Most symbols are well known from financial news (like 'AAPL' for Apple Inc. or 'MSFT' for Microsoft Corporation, etc.), but in case you know the public name of a company or security but don't remember the corresponding symbol, you can use the [Symbol Lookup from Yahoo Finance](https://finance.yahoo.com/lookup/). 

Suppose you want to look for the Fiat Chrysler Automobiles symbol. Start writing the public name of the company in the search bar and you get the back the information that the symbol is **'FCAU'**.

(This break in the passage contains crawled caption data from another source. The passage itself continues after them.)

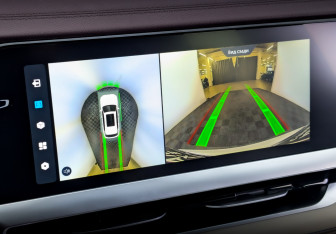 Подержанный автомобиль Geely Monjaro 2023 года (30 фото)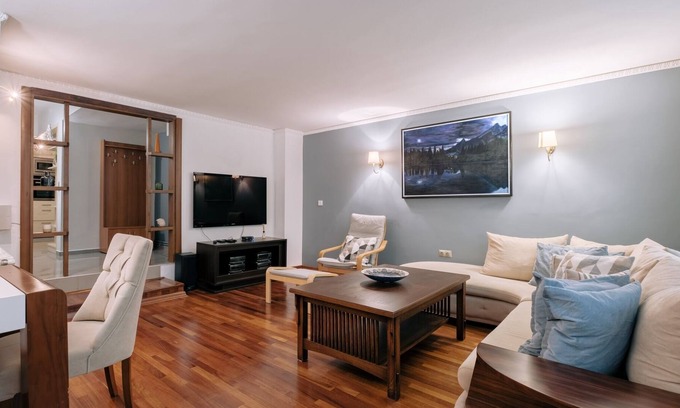 Macka Apartment | Sleek Flat with Backyard in Nisantasi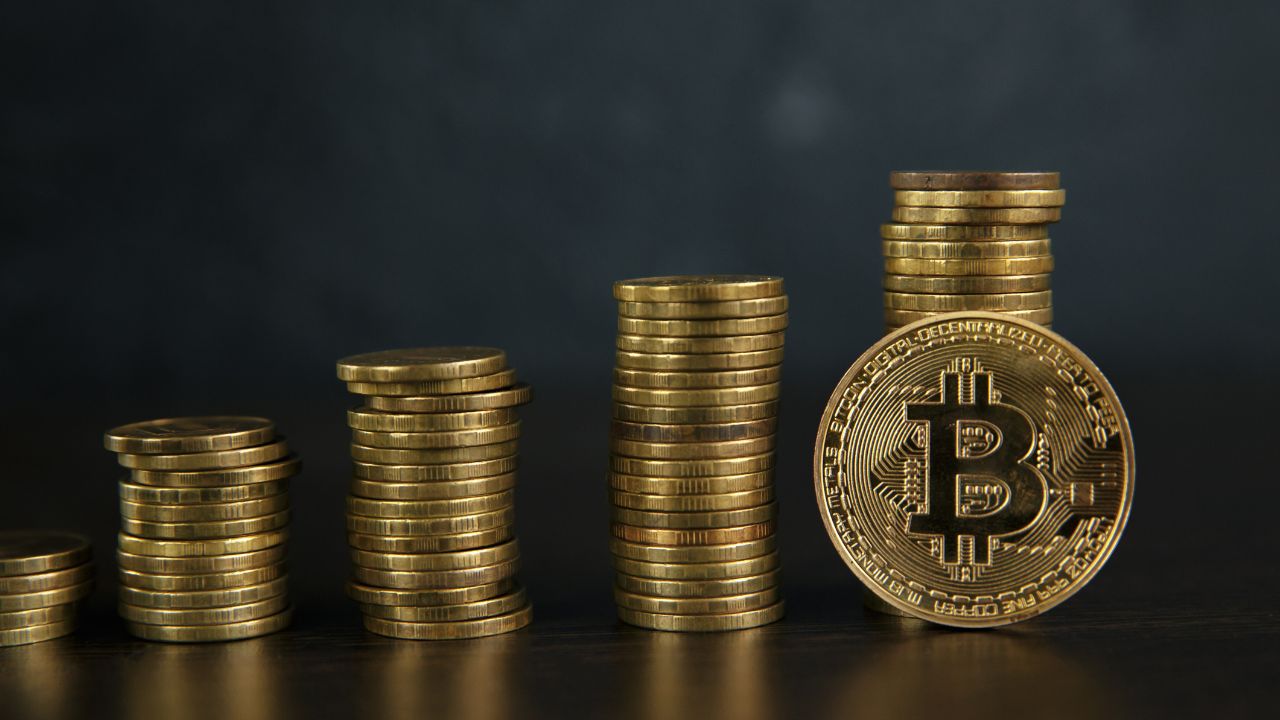 Prezzo di Bitcoin crolla, ma Lightning Network supera record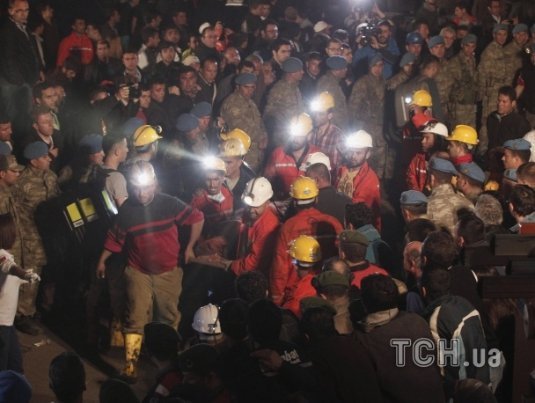 Фото аварії на шахті в Туреччині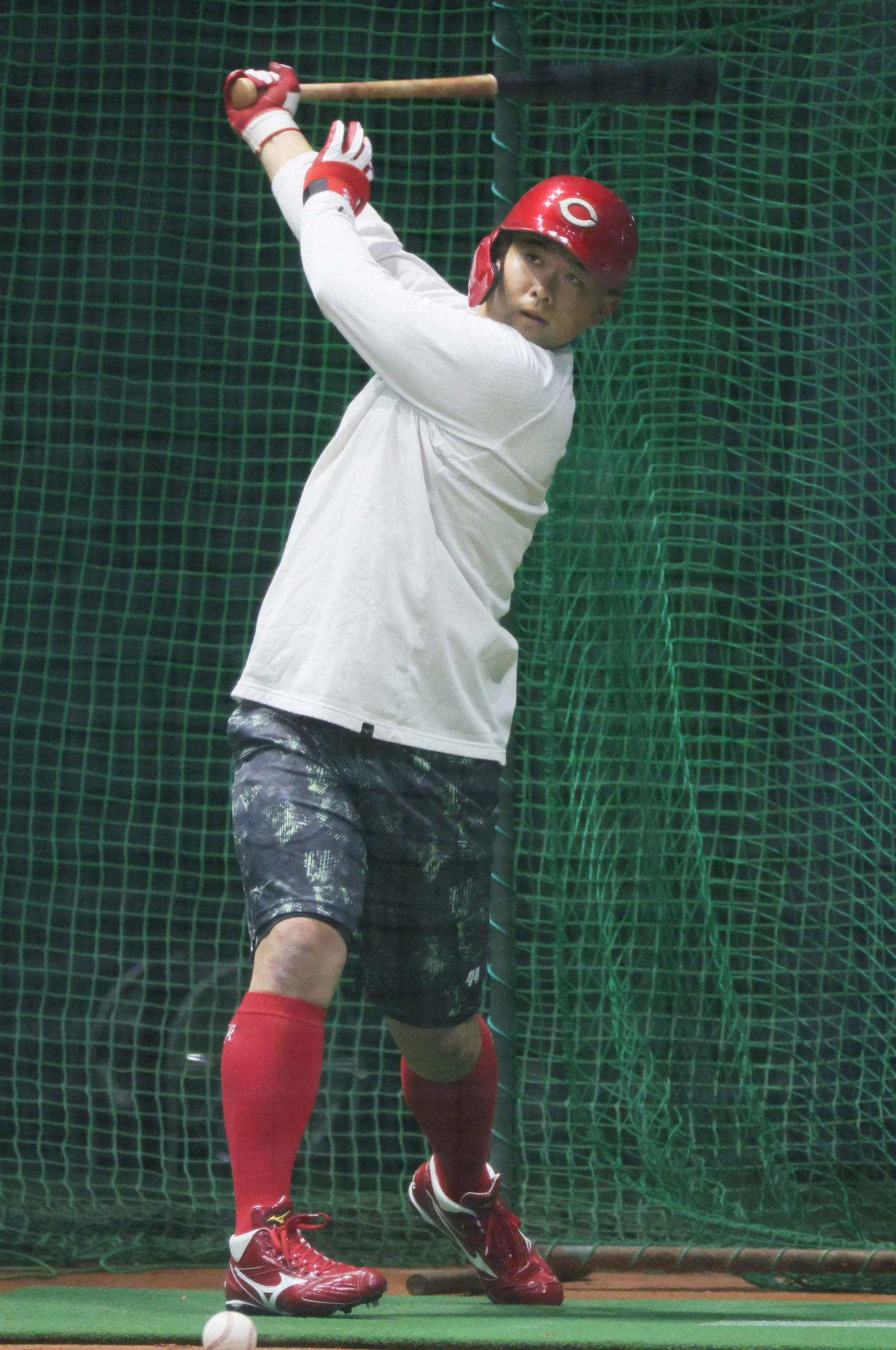 合同自主トレで、打撃練習をする広島林（撮影・加藤孝規）
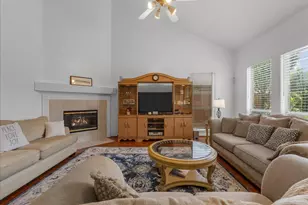 10004 Dawn Brook Dr, Pearland, TX 77584 - Photo 13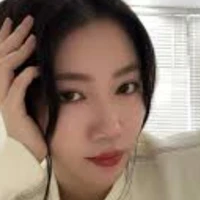 orange(chị Hai của hùng)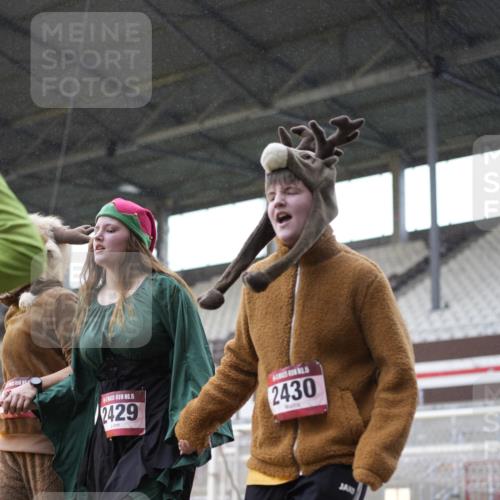 07.12.2025 - St. Pauli X-Mass-Run No. 15 Patografie http://msf.ph/oto/9370005 07.12.2025 11:31:11 Ziel 203, 329, 1755, 2428, 2429, 2430, 2492, 2493, 3181, 3182, 3184, 3238, 3239, 3352, 3436, 4105 meine-sportfotos.de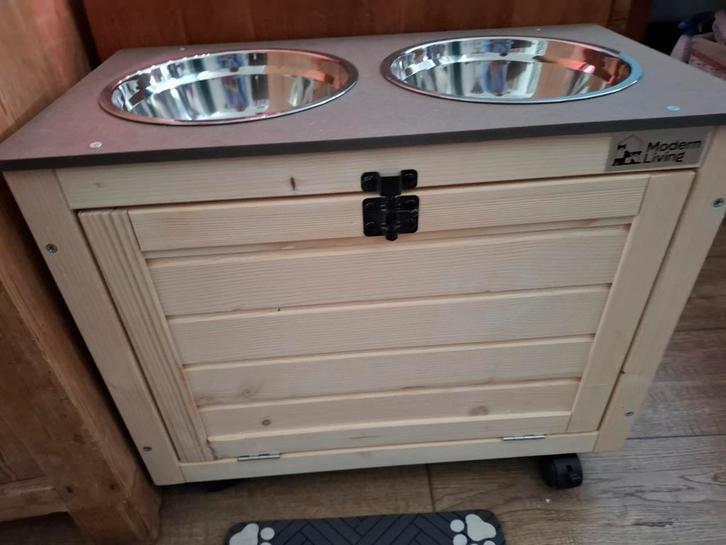 Modern living  voederbak met opbergruimte, Dieren en Toebehoren, Hondenvoerbakken en Drinkbakken, Nieuw, Ophalen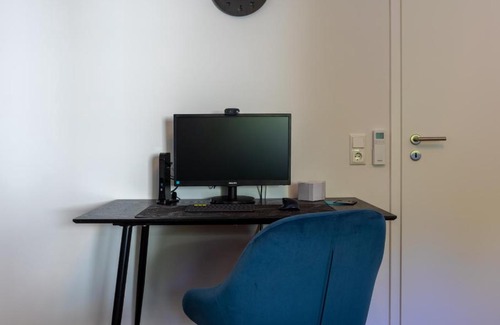 Barmen Apartment | Uniklinik-Nähe Modernes Apartment, mit Balkon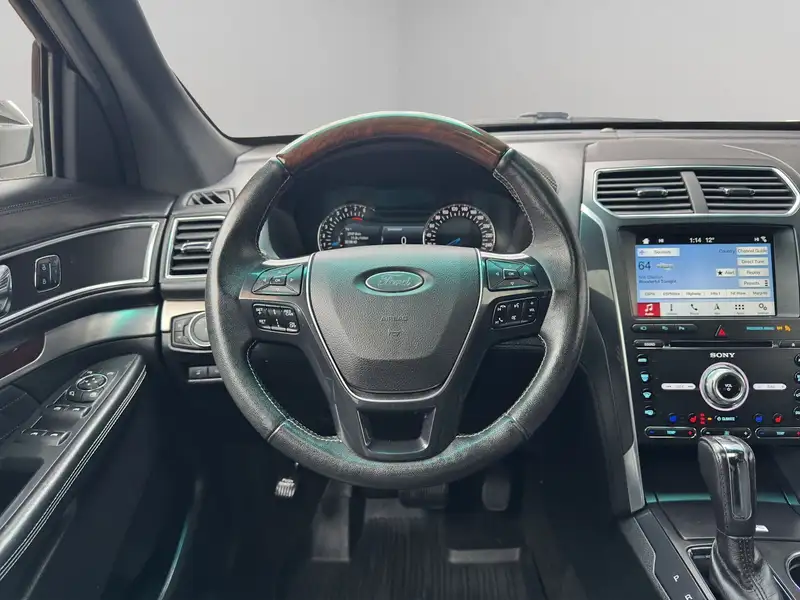2017 Ford Explorer Platinum, červená, 223 335 km, dovoz Kanada — foto 9 z 12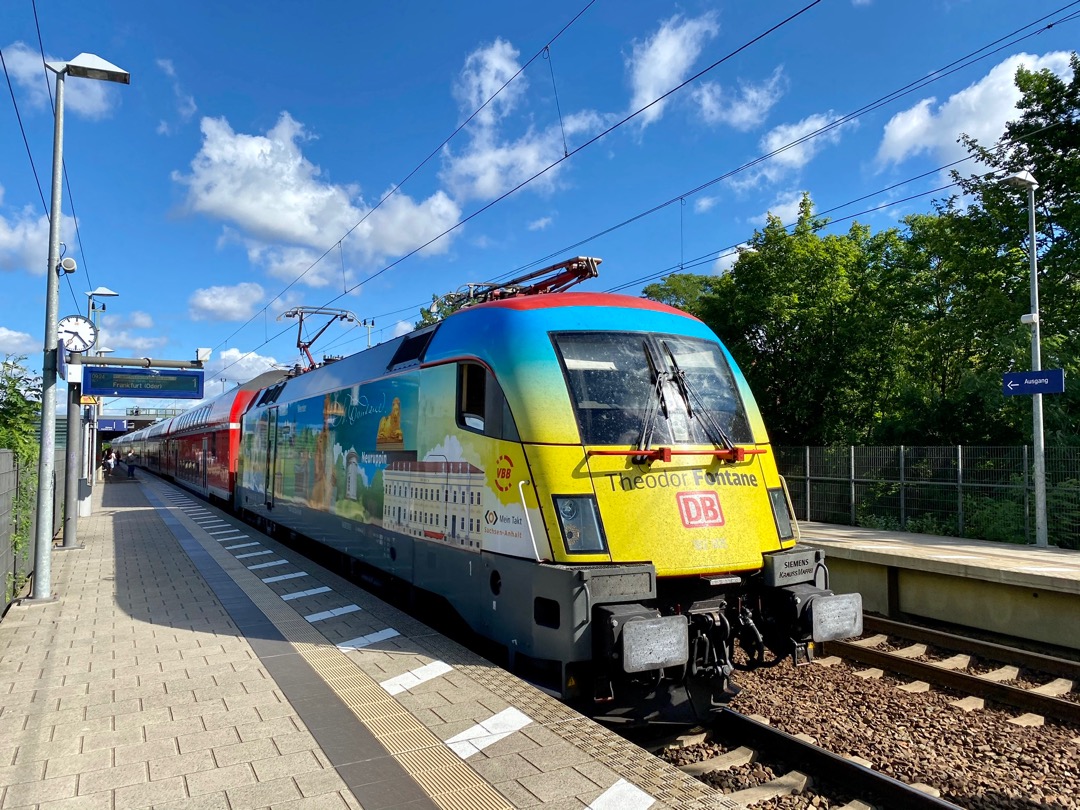 Frank Kleine on Train Siding: A class 182 working RE 1 from Magdeburg to Frankfurt(Oder) in the morning sun at Erkner station.
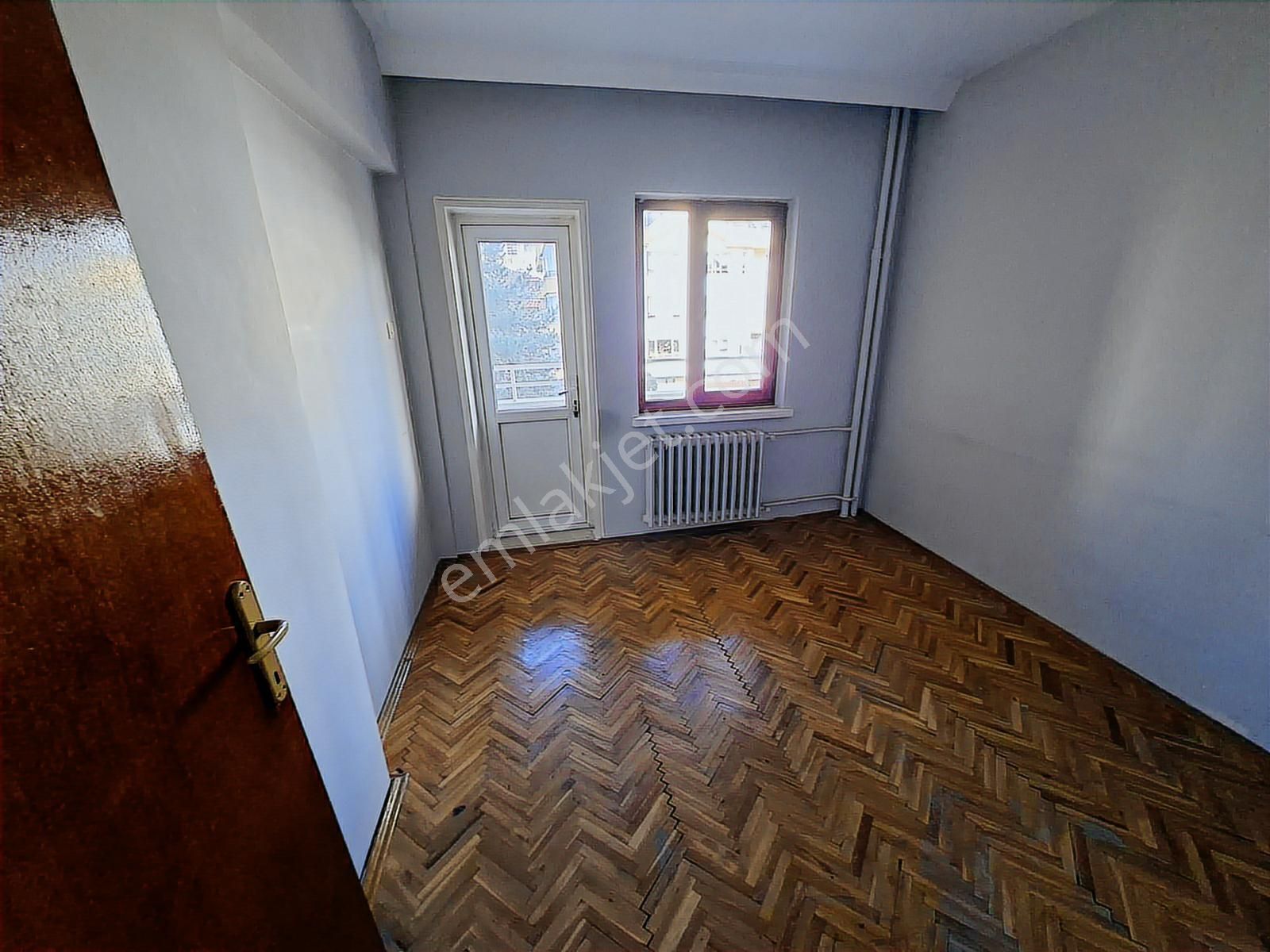 Ahiler Emlaktan Etlik Merkez Site İçerisinde 3+1 Satılık Daire - Görsel 3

| ![](../images/yahoo_symbol_lookup.png) <a name="yahoo_symbol_lookup"></a>| 
|:--:| 
| _**Figure 5**: Symbol Lookup from Yahoo Finance_ |

Here is a list of tickers that we will use in this notebook

Yahoo! Finance ticker | Name
:---: | :---
    'AAPL' | Apple Inc. Stock
    'GOOG' | Alphabet Inc. Stock
    'FB'   | Facebook, Inc. Stock
    'MSFT' | Microsoft Corporation Stock
    'INTC' | Intel Corporation Stock
    'AMZN' | Amazon.com, Inc. Stock
    'BABA' | Alibaba Group Holding Limited Stock
    'NFLX' | Netflix, Inc. Stock
    'DIS'  | The Walt Disney Company Stock
    'GE'   | General Electric Company Stock
    'GS'   | The Goldman Sachs Group, Inc. Stock
    'DB'   | Deutsche Bank Aktiengesellschaft Stock
    '^GSPC'| S&P 500 Index
    '^VIX' | CBOE Volatility Index
    'EURUSD=X' | EUR/USD Exchange Rate
    'EURCHF=X' | EUR/CHF Exchange Rate
    'EURGBP=X' | EUR/GBP Exchange Rate
    'FCAU' | Fiat Chrysler Automobiles N.V.
    'E' | Eni S.p.A. Stock
    'ENIA' | Enel Americas S.A. Stock

### 1.2.2. How to get market and meta data for a security: `yf.Ticker()` module <a name="get-market-and-meta-data:-yf.ticker()-module"></a>

In [None]:
aapl = yf.Ticker("AAPL")
aapl

In [None]:
import json

In [None]:
dataFolderPath = "../Data"

In [None]:
filePath = os.path.join(dataFolderPath, "AAPL_Stock_Info.json")

In [None]:
if downloadData:
    %time aapl_info = aapl.info

else:
    with open(filePath, 'r') as file:
        %time aapl_info = json.load(file)

aapl_info

In [None]:
aapl_info['longBusinessSummary']

In [None]:
aapl_info['regularMarketPreviousClose']

In [None]:
if downloadData:
    with open(filePath, 'w') as file:
        %time json.dump(aapl_info, file, indent="\t")

In [None]:
# removeFile(filePath)

In [None]:
aapl.actions

In [None]:
ax = aapl.actions.plot(secondary_y="Dividends", figsize=(10,6))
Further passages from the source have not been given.